El jefe del Hezbolá libanés, Hassan Nasralá, afirmó hoy que las recientes decisiones adoptadas por el gobierno libanés, entre ellas la de abrir una investigación en su contra, son una «declaración de guerra».
«Esas decisiones son una declaración de guerra y un principio de guerra lanzado por el gobierno (…) en beneficio de Estados Unidos y de Israel», insistió Nasralá en una videoconferencia transmitida en directo en un complejo de la periferia sur de Beirut de mayoría chiíta.
El martes, el gobierno libanés decidió abrir una investigación sobre una red de telecomunicaciones paralela instalada por el Hezbolá en todo el país, y destituir al jefe de seguridad del aeropuerto de Beirut por su cercanía con el movimiento chiita.
La conferencia de prensa de Nasralá se produce en el segundo día de una huelga general convocada por la Confederación General de Trabajadores del Líbano (CGTL), la principal central obrera del país, en demanda de aumentos salariales -congelados desde 1996-, respaldada por el Hezbolá, que degeneró en disturbios entre partidarios de la mayoría antisiria en el poder y de la oposición.
Dieciocho personas resultaron heridas en dos días en enfrentamientos entre partidarios de la mayoría y de la oposición, según los servicios de seguridad.
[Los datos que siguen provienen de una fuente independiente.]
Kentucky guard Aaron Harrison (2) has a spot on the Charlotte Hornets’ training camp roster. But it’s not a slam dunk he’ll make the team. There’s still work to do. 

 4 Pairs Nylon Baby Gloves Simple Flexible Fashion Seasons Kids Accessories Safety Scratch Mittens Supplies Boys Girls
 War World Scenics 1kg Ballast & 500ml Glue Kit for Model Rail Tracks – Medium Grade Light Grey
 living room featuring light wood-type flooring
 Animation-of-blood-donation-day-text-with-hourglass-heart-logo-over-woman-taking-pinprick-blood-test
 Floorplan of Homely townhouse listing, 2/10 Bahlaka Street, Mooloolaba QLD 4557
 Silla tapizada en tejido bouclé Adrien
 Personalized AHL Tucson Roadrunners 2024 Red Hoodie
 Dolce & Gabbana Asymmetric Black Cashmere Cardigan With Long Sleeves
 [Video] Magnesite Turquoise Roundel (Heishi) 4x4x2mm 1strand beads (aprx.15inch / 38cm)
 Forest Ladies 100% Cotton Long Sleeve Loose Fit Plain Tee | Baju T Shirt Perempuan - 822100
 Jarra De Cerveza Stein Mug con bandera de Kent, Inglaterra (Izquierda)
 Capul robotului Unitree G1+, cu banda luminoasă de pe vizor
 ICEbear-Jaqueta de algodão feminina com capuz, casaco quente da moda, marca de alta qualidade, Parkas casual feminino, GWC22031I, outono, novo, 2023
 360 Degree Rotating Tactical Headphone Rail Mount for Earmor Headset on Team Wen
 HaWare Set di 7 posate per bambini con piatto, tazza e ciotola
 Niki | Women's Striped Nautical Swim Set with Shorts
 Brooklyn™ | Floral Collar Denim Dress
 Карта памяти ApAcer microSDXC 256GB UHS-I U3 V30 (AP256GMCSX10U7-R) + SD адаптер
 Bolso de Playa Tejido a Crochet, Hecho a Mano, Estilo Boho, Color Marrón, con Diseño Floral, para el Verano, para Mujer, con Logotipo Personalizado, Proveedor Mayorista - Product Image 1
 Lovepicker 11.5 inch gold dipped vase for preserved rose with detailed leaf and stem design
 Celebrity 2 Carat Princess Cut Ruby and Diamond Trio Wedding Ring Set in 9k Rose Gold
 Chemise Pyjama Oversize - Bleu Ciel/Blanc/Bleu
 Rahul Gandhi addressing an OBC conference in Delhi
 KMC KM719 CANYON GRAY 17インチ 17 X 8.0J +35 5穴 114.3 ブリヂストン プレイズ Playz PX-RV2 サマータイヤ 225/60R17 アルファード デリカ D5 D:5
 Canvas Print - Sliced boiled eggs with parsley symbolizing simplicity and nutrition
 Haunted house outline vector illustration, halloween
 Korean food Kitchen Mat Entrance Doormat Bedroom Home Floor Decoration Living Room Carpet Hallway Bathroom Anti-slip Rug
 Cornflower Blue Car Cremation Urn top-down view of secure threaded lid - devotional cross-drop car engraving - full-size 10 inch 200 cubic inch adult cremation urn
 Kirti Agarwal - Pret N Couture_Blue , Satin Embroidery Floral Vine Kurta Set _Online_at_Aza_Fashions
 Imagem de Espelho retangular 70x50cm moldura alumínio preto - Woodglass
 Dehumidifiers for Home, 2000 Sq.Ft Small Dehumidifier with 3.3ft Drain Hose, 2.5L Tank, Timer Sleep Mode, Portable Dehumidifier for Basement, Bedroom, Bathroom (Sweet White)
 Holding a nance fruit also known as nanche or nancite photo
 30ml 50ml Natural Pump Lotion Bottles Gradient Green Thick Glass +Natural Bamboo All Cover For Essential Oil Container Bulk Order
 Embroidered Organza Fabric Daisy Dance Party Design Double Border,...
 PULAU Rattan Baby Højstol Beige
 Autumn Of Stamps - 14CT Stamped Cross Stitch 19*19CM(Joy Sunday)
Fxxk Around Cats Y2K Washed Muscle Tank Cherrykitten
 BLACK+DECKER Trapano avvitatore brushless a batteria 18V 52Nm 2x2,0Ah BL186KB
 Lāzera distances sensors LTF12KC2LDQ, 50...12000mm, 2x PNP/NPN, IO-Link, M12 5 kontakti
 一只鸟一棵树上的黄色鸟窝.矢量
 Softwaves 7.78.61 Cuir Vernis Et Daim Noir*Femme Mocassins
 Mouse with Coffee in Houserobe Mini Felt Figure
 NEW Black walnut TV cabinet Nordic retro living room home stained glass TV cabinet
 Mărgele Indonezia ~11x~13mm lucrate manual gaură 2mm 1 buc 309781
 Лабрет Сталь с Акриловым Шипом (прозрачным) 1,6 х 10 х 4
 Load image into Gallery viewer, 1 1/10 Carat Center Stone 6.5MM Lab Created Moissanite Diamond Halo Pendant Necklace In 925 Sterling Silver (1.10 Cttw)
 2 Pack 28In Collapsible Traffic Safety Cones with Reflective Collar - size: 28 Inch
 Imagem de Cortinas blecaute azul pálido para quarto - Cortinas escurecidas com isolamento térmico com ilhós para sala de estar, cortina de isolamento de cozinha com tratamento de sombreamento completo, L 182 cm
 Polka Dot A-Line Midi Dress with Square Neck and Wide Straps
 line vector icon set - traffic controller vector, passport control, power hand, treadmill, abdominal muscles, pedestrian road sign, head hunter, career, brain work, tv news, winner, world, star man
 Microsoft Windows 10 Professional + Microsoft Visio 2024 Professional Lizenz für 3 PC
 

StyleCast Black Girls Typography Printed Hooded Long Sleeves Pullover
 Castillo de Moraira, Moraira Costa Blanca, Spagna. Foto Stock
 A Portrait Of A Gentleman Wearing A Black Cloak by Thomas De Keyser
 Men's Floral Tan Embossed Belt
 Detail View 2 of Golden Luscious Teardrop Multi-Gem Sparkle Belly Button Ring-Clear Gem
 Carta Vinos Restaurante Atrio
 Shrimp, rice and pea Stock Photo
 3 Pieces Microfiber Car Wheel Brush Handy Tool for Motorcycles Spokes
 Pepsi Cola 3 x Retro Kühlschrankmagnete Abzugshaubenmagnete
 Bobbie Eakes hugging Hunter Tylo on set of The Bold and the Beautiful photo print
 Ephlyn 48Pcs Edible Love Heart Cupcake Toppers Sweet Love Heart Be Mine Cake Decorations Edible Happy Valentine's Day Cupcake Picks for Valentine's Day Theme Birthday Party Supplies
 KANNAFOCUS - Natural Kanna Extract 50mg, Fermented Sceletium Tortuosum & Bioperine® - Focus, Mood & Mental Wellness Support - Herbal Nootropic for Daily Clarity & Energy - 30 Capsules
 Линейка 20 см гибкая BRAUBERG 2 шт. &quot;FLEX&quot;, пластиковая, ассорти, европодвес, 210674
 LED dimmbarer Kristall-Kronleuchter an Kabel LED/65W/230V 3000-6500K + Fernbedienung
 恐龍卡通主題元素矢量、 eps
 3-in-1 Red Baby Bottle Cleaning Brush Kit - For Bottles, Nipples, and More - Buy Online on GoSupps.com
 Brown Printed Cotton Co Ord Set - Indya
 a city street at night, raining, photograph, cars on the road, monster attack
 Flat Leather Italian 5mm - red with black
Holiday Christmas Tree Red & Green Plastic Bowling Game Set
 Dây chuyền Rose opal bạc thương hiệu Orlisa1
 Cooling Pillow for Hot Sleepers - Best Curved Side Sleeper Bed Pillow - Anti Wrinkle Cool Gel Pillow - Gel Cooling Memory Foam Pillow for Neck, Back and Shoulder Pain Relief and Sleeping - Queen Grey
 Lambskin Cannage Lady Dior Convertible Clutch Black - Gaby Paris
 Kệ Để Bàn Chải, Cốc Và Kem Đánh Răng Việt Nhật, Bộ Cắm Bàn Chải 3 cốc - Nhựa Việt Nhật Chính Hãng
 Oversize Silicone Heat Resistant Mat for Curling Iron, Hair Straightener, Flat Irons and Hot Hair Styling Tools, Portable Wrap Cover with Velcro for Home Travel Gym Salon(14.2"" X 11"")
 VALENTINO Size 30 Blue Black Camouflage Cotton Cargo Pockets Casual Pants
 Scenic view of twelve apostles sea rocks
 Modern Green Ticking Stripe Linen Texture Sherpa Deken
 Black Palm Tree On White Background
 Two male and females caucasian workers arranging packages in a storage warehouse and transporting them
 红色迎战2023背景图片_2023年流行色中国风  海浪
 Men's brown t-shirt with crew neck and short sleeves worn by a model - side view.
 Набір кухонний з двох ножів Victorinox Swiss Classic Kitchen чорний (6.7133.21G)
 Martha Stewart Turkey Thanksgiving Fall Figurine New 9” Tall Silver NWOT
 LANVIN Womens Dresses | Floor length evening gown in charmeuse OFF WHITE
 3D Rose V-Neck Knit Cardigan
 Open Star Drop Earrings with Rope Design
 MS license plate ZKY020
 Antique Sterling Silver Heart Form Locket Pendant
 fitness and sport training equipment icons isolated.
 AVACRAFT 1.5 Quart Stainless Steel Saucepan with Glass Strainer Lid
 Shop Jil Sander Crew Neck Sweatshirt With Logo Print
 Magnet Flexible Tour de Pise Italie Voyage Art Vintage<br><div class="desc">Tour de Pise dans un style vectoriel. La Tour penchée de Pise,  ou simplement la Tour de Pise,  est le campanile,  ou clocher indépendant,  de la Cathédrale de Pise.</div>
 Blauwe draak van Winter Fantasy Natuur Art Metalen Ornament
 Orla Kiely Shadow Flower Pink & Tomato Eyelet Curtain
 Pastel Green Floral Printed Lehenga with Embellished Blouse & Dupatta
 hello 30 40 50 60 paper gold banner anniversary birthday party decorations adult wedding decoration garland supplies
El jueves numerosas carreteras seguían bloqueadas y el aeropuerto internacional de Beirut permanecía cerrado mientras los disturbios se extendían por numerosas ciudades libanesas.
El Hezbolá afirma que su red de telecomunicaciones forma parte de su «resistencia contra Israel» y que es necesaria por razones de seguridad.
«Nuestra respuesta a esta declaración de guerra es nuestro derecho a defendernos, a defender nuestra resistencia, nuestras armas y nuestra existencia», sostuvo Nasralá a quien podían interrogar los periodistas presentes en el citado complejo.
«A quien dispare contra nosotros, le dispararemos (…) inclusive si se trata de nuestros hermanos», advirtió el jefe del partido chiita que lidera la oposición frente a la mayoría parlamentaria libanesa antisiria.
Según Nasralá, la crisis libanesa que comenzó en noviembre de 2006 «ha entrado en una nueva etapa tras las peligrosas decisiones» adoptadas por el gobierno.
La crisis política del Líbano sólo se resolverá si el gobierno da marcha atrás en sus decisiones y acepta un diálogo nacional, advirtió el jefe del movimiento chiita.
Desde finales de la guerra entre el Hezbolá en Israel, en el verano boreal de 2006, Nasralá había aparecido en público una sola vez, semanas después del conflicto armado.
La huelga fue mantenida a pesar de la decisión del gobierno de aumentar el salario mínimo en 130 dólares a 330 dólares mensuales (550.000 libras libanesas). La CGTL lo consideró insuficiente.
El miércoles, un responsable de la oposición afirmó a la AFP que la huelga continuará y se transformará en «desobediencia civil» hasta que el gobierno cambie sus decisiones sobre la red de telecomunicaciones y del jefe de seguridad del aeropuerto.
Líbano vive su más grave crisis política desde el fin de la guerra civil en 1990, y está sin presidente desde el 24 de noviembre. Los dos partidos se disputan el poder.